Managing supply chain disruptions
The global supply chain has also been upended as travel restrictions have led to a reduction in airline services, causing outbound cargo and freight costs to soar as shipments are delayed and overall shipping capacities are reduced. Outbound freight rates from China skyrocketed on the back of a weeks-long labour shortage and disruptions continue to plague a country that is slowly recovering from the pandemic.
Amid rising costs, companies must resist passing on the extra costs to consumers. For companies such as NTUC FairPrice, diversifying their sources from multiple countries has helped to defray some of the increased costs.
It is important to note that people seek connection during times of uncertainty. During this period, it is thus important that businesses communicate their care for consumers and avoid unnerving them further by increasing product and delivery costs. For logistics companies, keeping customers constantly informed and ensuring full transparency on the status of their deliveries will help minimise consumer anxiety and the hostility that may come with it.
Ensuring the safety of both employees and consumers
Besides caring for consumers, the safety of workers has never been more important as COVID-19 has placed millions of global supply chain workers at risk, as highlighted by the recent closure of a logistics facility of one of South Korea’s largest e-commerce companies after an outbreak of COVID-19 cases.
This is a critical time for companies to review their supply chains to ensure that they have a robust system of protection and checks in place, in line with standards set by their local authorities. For back-end operations, having a prepared and implemented business continuity plan (BCP) that includes telecommuting for its office employees will go a long way in ensuring businesses can swiftly respond and remain undisrupted in times of crises.
As delivery drivers continue to act as the face of online retailers, the safety of consumers becomes a top priority for third-party delivery providers as well. Delivery players and logistics companies in the region have stepped up their service offerings to avoid human-to-human transmission of the virus. To reduce the amount of contact between drivers and consumers, delivery companies such as Grab, Deliveroo and ourselves have implemented contactless deliveries. This has allowed J&T Express to reduce the risks of virus transmission while still keeping its customers’ businesses going and ensuring products and supplies are delivered to consumers.

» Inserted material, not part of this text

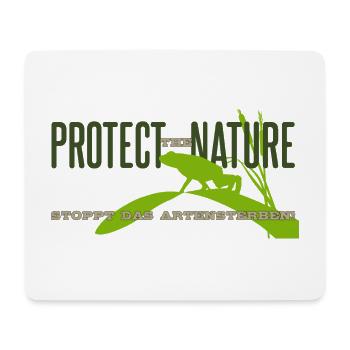 Naturschutz Artenschutz Frösche Frosch Umwelt quer - Mousepad (Querformat) - Weiß - Vorne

Resilience and adaptability key to long-term success
Companies are facing tremendous challenges in maintaining the flow of goods and services while the movements of goods, people and even vehicles are restricted. In an increasingly digital world, and as COVID-19 continues to impact lives and businesses, the role of delivery players will only continue to become more important as the last touchpoint of the supply chain, which often means serving as the only time consumers interact face-to-face with brands.
Therefore, logistics players must be ready to work with their partners to broaden delivery options. After all, there is no one-size-fits-all delivery solution, especially in times of crises. It is only by being flexible that businesses and logistics partners can come together and discover new ways to deliver parcels.
Each industry and retail brand brings unique requirements that need to be met in order to ensure the best experience for consumers. As the resilience of the logistics industry is tested amid a surge in demand, businesses need to remain agile and adaptable to tackle constraints in operations, labour and supply and demand to ensure consumers are able to receive their parcels safely and effectively.